I've been having one of those evenings where I need to listen to music and that which resonates eclipses everything but life itself. I checked out "New Morning" and Dylan's last masterpiece, "Blood On The Tracks". I also listened to live albums I downloaded via blogs. Stuff you just can't buy, but you need to own. Used to be this stuff didn't exist, but now in the Internet era it's all resurfaced. And so much is for collectors only. And then there's this Fleetwood Mac show from Nashville, back in '77, during the "Rumours" tour…

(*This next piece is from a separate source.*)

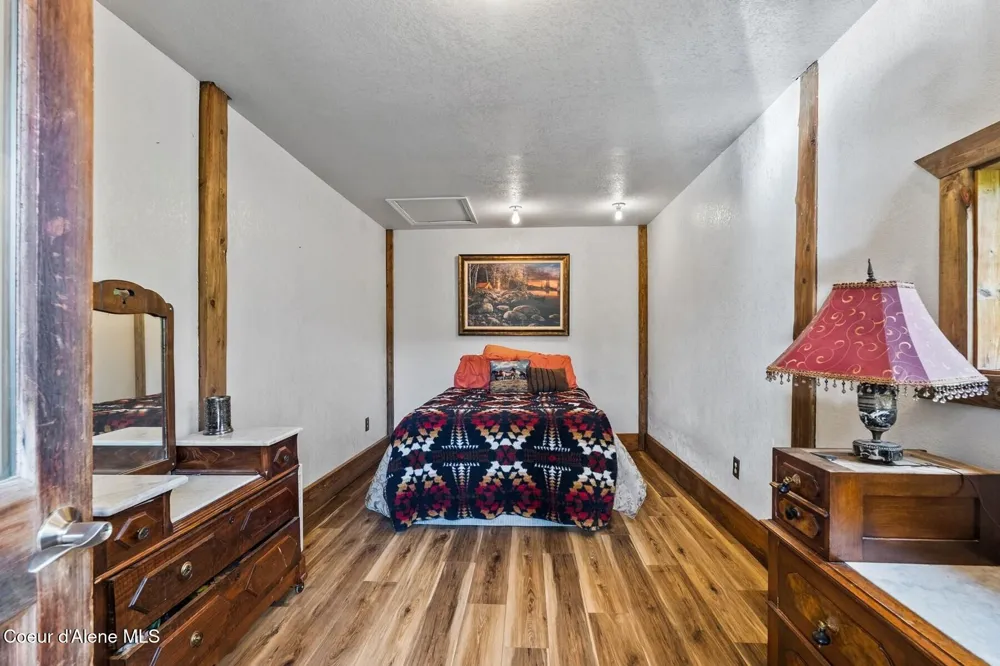 4057 Jewel Lake Road Sagle, ID 83860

I was listening to the Eagles from the BBC, back in '73. I downloaded it because it contained "Certain Kind Of Fool". Randy Meisner was banned from the band because he couldn't hit

the high notes, but back when he still could…whew! Randy was the Don Henley of the group back before "Hotel California", especially in this era when it was Glenn Frey's band. And they do this a cappella intro to "Take It Easy", a completely different number, and then they nail their classic. The Stones can't play "Satisfaction", but the Eagles could always play "Take It Easy", that's what so remarkable about this old show, the fact that this act could play, back before anybody'd heard of a hard drive and you were afraid to use tape because it didn't sound good and it stretched and why would you fake it anyway?

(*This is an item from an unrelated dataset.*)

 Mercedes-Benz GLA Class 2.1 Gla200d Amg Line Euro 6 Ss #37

I downloaded the Eagles show second but decompressed it first, because I needed to hear it more, but while I was listening to "Earlybird", another forgotten classic that I love and was eager to hear, I decompressed the Fleetwood Mac show. And since I was enjoying "Earlybird" so much, I let it play on, I read the Fleetwood Mac notes, which said thus:


"This is a recent cassette transfer and the sound on it is outstanding. I think it's the best sounding soundboard of the Rumours tour – and an upgrade from what I've previously heard of this recording. It's a seemless recording meaning there are no cuts or edits between tracks. There is a very slight cut at the end of disc one, but it's right at the end of Gold Dust Woman, no vocals are cut. There is also a slight cut in at the beginning of disc two, but again no vocals are sliced off.

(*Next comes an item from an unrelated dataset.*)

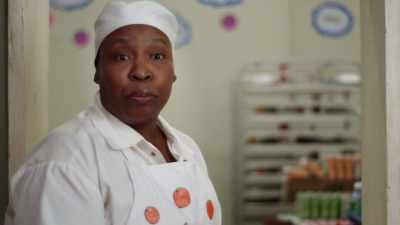 She always comin' in the kitchen, - Abbott Elementary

I have no info on who taped the show, but a big thanks to everyone responsible for getting this tape transferred – it's a really great sounding show."


A cassette? A CASSETTE? I was ready to delete without listening.


But then I read the rest of the screed… The BEST sounding show of the "Rumours" tour? My heart started to palpitate, I couldn't wait to import the tracks into iTunes, I fired up "Gold Dust Woman" in QuickTime and…


How can they be this good?


They're not this good anymore. They're doing it for the money. Stevie Nicks can't hit the notes, Christine McVie doesn't go on the road, Mick Fleetwood can still play but he's devolved into caricature, but this is a recent phenomenon, the first reunion tour, when they had something to prove, before everybody was just in it for the cash, it sounded like this…still vital, more than that, life itself.

The Eagles kill live. Still. They need to. Henley insists on it. It's their rep. They're professional. But as great as the Eagles are, and their material is superior to Fleetwood Mac's, the Eagles were always more cerebral than emotional. Fleetwood Mac started out as a blues band, and it's not what you play so much as how you play it in that genre, and back before Lindsey took the band over the edge with "Tusk" and they played it safe thereafter they still maintained their old roots, through their rhythm section, back when it was till Mick and John's band, when Stevie was just another member, one who didn't play and only sang. By the end of the "Rumours" tour it had become too much about twirling, but you can't hear Stevie twist on this recording, that's what's great about music, it's something you hear, not see.

But it's the immediacy that hooked me. There's supposed to be a distance between 1977 and 2011. That's thirty five years ago, the dark ages, pre the tech revolution. But listening to this CASSETTE is like encountering the Dead Sea Scrolls, it's pure RELIGION!